Building those reading habits, however, don’t start when children are in kindergarten and start learning to read. It starts long before, notes Dr. McCollum, practically at birth. “Reading is important from birth, so parents should start reading to their baby very early on,” she says. “Just like we’re trying to encourage children with other healthy habits at a very early age, such as eating their vegetables, reading is very similar. We want to start reading to them from the very beginning.”
Here are five tips from Dr. McCollum to help parents improve their child’s reading habits and create reading enthusiasts for life.
Schedule it Out
Setting a time every day that’s dedicated to reading together is a great way to create the habit for a child. It can also create a time that they actively look forward to. “Many parents choose to read with their child at bedtime, and that’s great if that’s what works for them,” Dr. McCollum says.
No Screens Allowed
Children of any age are always going to follow their parents’ lead, so when it’s time to read, turn off the TV and put the phone away. “That encourages the bonding time with parents,” she says.

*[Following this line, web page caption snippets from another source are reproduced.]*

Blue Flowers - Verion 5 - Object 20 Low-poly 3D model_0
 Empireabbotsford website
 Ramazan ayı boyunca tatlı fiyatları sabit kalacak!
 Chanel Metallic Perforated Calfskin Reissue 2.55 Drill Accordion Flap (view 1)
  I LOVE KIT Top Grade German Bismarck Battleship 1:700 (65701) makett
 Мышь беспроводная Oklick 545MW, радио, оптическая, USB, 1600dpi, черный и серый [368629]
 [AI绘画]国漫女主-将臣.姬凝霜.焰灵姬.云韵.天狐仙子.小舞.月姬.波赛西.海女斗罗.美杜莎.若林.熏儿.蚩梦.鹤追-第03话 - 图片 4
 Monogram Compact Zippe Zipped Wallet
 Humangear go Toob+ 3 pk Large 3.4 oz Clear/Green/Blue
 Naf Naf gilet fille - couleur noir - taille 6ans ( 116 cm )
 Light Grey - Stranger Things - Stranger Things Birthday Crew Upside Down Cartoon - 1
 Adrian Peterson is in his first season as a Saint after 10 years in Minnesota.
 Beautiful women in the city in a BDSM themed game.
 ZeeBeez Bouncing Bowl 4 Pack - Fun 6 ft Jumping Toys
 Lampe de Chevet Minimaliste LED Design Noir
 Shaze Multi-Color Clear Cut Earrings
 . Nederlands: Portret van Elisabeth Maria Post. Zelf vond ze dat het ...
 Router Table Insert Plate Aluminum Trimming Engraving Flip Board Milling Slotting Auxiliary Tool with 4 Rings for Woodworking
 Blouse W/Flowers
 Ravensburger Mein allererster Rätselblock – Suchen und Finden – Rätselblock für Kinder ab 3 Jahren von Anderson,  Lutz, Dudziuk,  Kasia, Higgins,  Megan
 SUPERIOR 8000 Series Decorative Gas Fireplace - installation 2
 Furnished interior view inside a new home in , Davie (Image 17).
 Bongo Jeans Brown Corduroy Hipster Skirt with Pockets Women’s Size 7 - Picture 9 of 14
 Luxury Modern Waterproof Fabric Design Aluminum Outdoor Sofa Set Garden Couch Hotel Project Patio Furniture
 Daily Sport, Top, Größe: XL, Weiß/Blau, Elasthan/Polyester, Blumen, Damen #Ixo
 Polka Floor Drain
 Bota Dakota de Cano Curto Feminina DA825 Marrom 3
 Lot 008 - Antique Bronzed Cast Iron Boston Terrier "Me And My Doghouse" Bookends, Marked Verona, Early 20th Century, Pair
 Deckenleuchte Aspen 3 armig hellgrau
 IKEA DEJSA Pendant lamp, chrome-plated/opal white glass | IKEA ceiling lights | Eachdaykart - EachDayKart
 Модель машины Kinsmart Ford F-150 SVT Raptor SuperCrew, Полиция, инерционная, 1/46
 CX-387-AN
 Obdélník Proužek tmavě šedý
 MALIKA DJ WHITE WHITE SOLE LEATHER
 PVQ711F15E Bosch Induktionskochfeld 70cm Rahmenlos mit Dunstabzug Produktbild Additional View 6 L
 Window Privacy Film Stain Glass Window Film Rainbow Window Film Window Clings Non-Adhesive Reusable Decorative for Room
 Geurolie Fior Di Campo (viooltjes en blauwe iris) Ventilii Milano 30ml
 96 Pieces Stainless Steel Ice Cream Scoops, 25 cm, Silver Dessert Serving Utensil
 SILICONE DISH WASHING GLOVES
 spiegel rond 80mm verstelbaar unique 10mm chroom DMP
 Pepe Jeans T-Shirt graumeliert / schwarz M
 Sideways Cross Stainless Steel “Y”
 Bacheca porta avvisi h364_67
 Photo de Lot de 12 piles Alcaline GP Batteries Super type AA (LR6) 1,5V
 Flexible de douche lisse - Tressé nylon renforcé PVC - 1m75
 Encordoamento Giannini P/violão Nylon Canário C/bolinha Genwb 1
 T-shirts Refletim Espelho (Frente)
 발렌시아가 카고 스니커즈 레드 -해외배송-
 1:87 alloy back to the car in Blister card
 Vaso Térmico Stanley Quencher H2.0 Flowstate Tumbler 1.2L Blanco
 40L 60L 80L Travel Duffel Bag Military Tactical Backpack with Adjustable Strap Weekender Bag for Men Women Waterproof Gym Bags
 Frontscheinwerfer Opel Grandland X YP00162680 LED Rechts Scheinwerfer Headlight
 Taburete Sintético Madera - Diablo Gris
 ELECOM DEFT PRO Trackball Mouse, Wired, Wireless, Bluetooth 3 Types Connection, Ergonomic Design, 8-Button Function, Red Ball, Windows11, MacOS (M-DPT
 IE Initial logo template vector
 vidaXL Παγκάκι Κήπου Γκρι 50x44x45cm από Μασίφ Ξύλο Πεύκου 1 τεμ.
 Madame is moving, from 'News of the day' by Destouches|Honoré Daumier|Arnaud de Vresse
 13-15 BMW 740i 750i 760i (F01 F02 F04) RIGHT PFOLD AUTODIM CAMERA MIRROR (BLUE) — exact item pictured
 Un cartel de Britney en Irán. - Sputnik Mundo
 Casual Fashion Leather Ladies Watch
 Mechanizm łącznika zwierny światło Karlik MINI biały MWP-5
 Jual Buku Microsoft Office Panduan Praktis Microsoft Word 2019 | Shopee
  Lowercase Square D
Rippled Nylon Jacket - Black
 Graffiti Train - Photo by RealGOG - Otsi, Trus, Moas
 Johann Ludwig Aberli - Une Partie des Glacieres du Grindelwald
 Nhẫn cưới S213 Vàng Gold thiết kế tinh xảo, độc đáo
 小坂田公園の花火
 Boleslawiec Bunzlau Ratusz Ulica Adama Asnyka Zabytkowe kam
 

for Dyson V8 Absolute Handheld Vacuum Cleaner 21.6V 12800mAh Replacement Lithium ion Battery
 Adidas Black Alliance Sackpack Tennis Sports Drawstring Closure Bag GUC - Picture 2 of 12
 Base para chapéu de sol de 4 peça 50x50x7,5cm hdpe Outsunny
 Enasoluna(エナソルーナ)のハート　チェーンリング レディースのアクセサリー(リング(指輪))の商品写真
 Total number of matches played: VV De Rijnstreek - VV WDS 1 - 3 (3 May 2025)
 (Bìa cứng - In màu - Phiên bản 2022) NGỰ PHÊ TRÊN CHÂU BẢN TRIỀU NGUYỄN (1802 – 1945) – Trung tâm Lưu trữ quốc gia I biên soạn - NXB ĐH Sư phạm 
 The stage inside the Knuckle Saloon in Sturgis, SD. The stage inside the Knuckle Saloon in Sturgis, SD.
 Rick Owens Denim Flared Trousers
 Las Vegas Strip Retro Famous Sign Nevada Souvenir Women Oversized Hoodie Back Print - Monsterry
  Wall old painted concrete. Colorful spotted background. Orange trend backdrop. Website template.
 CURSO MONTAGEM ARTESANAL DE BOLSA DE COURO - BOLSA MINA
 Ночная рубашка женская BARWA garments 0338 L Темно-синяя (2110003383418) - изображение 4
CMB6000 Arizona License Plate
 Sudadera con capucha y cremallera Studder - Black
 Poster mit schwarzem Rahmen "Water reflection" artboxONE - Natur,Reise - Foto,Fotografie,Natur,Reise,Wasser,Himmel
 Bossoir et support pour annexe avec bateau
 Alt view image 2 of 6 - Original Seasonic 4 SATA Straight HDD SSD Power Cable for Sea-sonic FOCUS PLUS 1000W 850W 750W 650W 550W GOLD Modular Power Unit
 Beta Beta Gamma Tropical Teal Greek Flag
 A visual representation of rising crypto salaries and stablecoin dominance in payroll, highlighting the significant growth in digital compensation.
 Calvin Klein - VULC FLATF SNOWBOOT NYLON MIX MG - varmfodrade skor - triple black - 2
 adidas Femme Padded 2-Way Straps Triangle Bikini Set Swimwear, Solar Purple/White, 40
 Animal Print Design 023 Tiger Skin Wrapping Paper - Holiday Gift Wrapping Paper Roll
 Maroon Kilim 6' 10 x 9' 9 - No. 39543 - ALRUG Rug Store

Let the Child’s Interest Take Centerstage
Every toddler tends to have a favorite topic, whether it’s animals, trucks, or princesses. Try to find books that speak to those interests. “Even following the child’s interest and letting him or her pick out the book, stay very involved and sit down and read with them,” Dr. McCollum adds.
Make Books Accessible
Dr. McCollum also agrees to keep books around the house, and all of the books don’t have to be purchased. Weekly outings to the library for a child to switch out books should also be on the agenda. “Pick a day of the week to go to the library together,” she says. “Just like the scheduled reading time, it’s something a child can look forward to.”
Repetitiveness is OK
It’s easy for parents to get hung up on the fact their child always wants to read the same book over and over, but that’s normal and shouldn’t be discouraged, Dr. McCollum says. “That’s actually great because it’s helping build creativity, vocabulary, attention span, and understanding of language, among many other things,” she adds.